◆ **Task brief**
Once "În Slatina sunt" turns up in a line below, reproduce that line and those after it exactly, stopping after the line with "Daily buffet breakfast"; leave pictures out.

◆ **Exercise material**
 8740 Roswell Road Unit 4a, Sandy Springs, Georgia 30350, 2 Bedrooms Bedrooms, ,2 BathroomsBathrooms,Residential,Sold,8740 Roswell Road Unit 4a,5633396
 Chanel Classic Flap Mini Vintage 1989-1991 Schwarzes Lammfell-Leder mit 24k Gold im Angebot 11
--
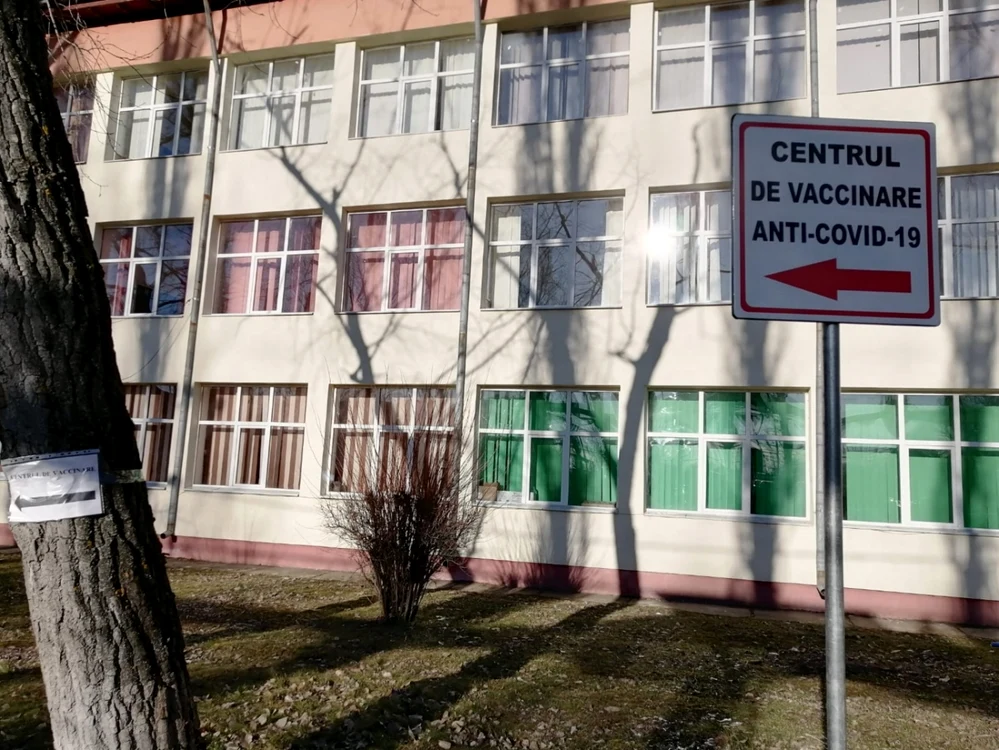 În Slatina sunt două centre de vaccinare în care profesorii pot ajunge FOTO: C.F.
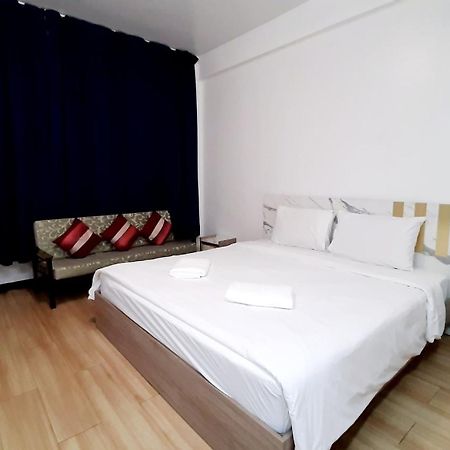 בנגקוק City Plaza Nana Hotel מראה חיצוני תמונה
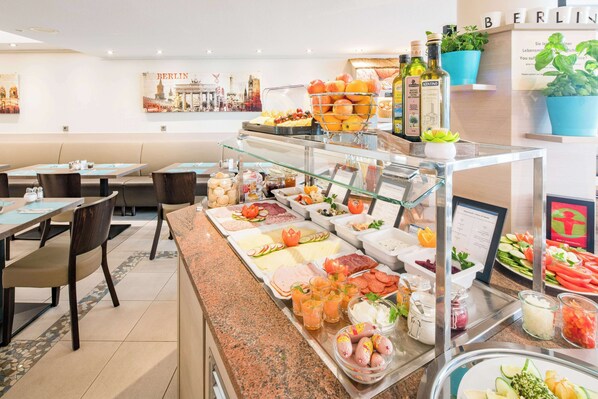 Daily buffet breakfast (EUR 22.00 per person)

◆ **Answer for the task**
 În Slatina sunt două centre de vaccinare în care profesorii pot ajunge FOTO: C.F.
 בנגקוק City Plaza Nana Hotel מראה חיצוני תמונה
 Daily buffet breakfast (EUR 22.00 per person)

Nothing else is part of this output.